A.M. No. MTJ-94-985 February 21, 1995

APOLINARIO MUÑEZ, complainant,

JUDGE CIRIACO ARIÑO, MCTC, San Francisco, Agusan del Sur, respondent.


This is an administrative complaint1 against respondent Judge Ciriaco C. Ariño of the Municipal Circuit Trial Court of
San Francisco, Agusan del Sur for knowingly rendering an unjust judgment as defined and penalized under Article
204 of the Revised Penal Code. The complaint was originally filed with the Office of the Ombudsman which, after
dismissing the case for lack of probable cause for filing in court, nevertheless referred the case to this Court "for
possible administrative action against respondent."
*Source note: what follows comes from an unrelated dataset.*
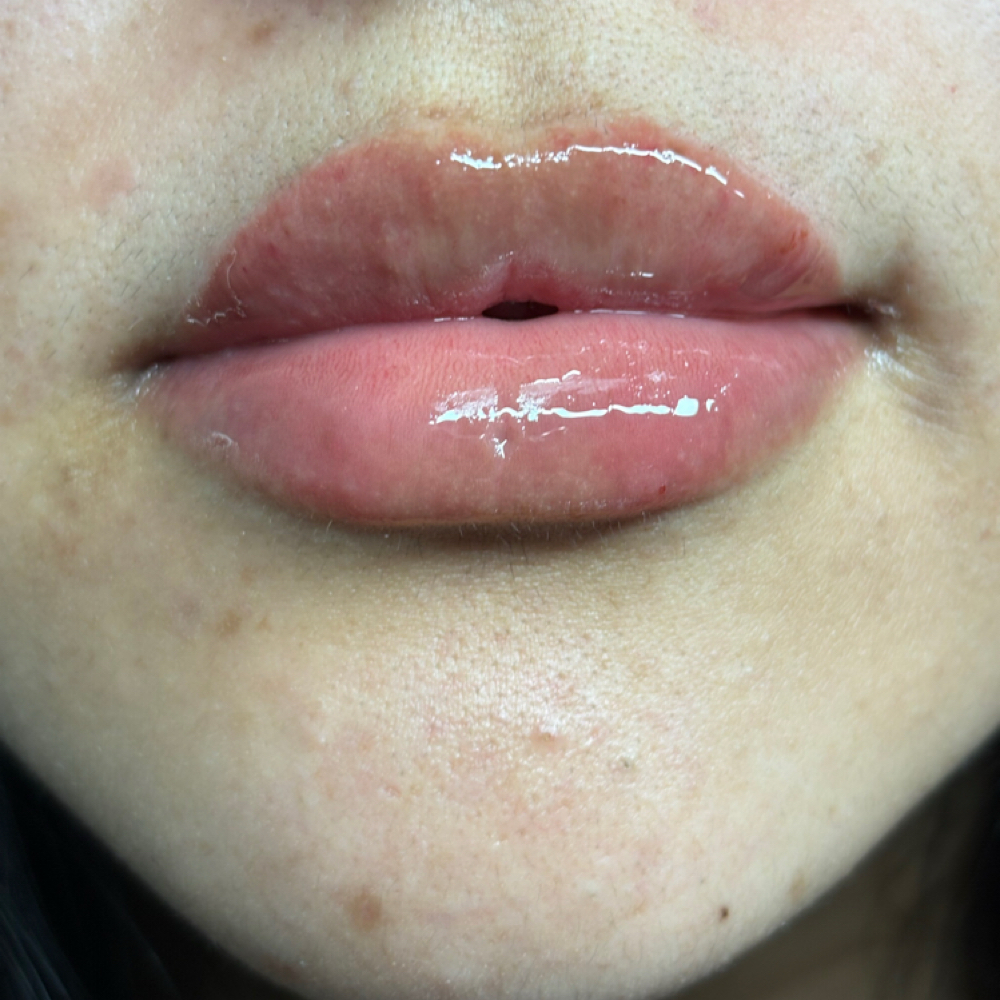 Juvederm Lip Filler 💉 at Domain Lips N Lashes in Corpus Christi, TX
It appears that on December 26, 1989, Mayor Irisari of Loreto, Agusan del Sur summoned to his office herein
complainant Apolinario S. Muñez for conference respecting a land dispute which Muñez had with one Tirso Amado.
As complainant failed to attend the conference, Mayor Irisari issued a warrant of arrest against him on December
27, 1989. 2

The warrant was served on complainant by CFC Redelio Caballes and Cpl. Rolando Limayan and by virtue of it
complainant was brought before Mayor Irisari, although no investigation was later conducted.

Complainant filed a complaint3 against Mayor Irisari for grave misconduct and usurpation of judicial function with the
Office of the Ombudsman as well as administrative complaint4 for violation of the Constitution, misconduct in office
and abuse of authority with the Sangguniang Panlalawigan of Agusan del Sur.
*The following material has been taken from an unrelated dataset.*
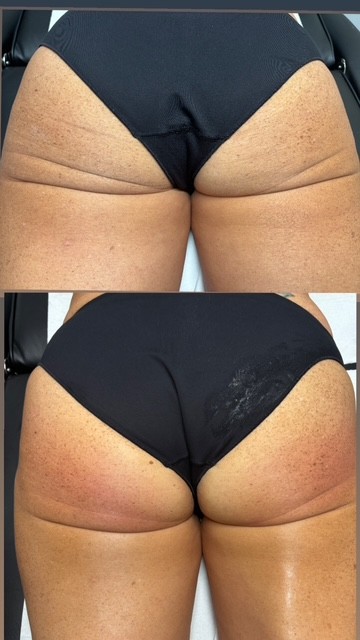 Fat Dissolving Treatments cavitation (2)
After preliminary investigation, the investigating officer of the Office of the Ombudsman filed a case5 for usurpation
of judicial function against Mayor Asuero Irisari in the Municipal Circuit Trial Court of Loreto, Agusan del Sur.
Originally raffled to the judge of that court, the criminal case was later assigned to respondent Judge Ciriaco Ariño
on account of the inhibition of the first judge.

Accused Irisari moved to quash the information on the ground that the acts complained of did not constitute a crime
under the law. He contended that under § 143(3) of the former Local Government Code (Batas Pambansa Blg. 337),
mayors were authorized to issue warrants of arrest.6

On July 28, 1992, respondent Judge Ariño denied the motion to quash on the ground that the power of mayors to
issue warrants of arrest had ceased to exist as of February 2, 1987 when the Constitution took effect.
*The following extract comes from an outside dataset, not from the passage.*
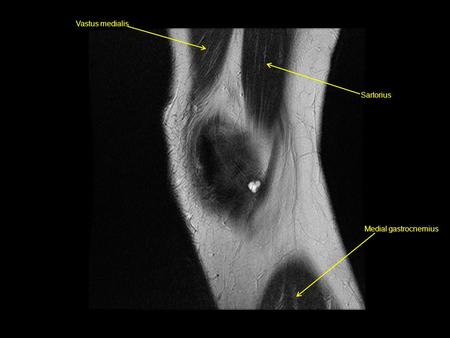 Vastus medialis Medial gastrocnemius Sartorius.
For its part the Sangguniang Panlalawigan, acting on the administrative complaint against the mayor, found him
guilty of misconduct in office and abuse of authority and accordingly ordered him suspended for eight (8) months
without pay. On appeal, however, the Department of Interior and Local Government (DILG) reversed on the ground
that what the mayor had issued to the complainant, although denominated "Warrant of Arrest," was actually just an
invitation or a summons.

On September 21, 1992, Mayor Irisari filed a motion for reconsideration of the order of denial of respondent judge,
invoking the resolution of the DILG.

In an order dated February 15, 1993, respondent Judge Ariño reconsidered his previous order and dismissed the
case. Respondent said in his order: 1/4
12/13/2017 A.M. No. MTJ-94-985

The accused, in his Motion for Reconsideration, asserts that since the question about the warrant of
arrest issued against Apolinario Muñez has been resolved in an administrative proceedings as not the
warrant of arrest contemplated by law, it would follow then that this case now before this Court against
the accused be dismissed. The Court finds that the subject matter in this case and that in the
administrative complaint arose from one and the same incident and it involved the same parties.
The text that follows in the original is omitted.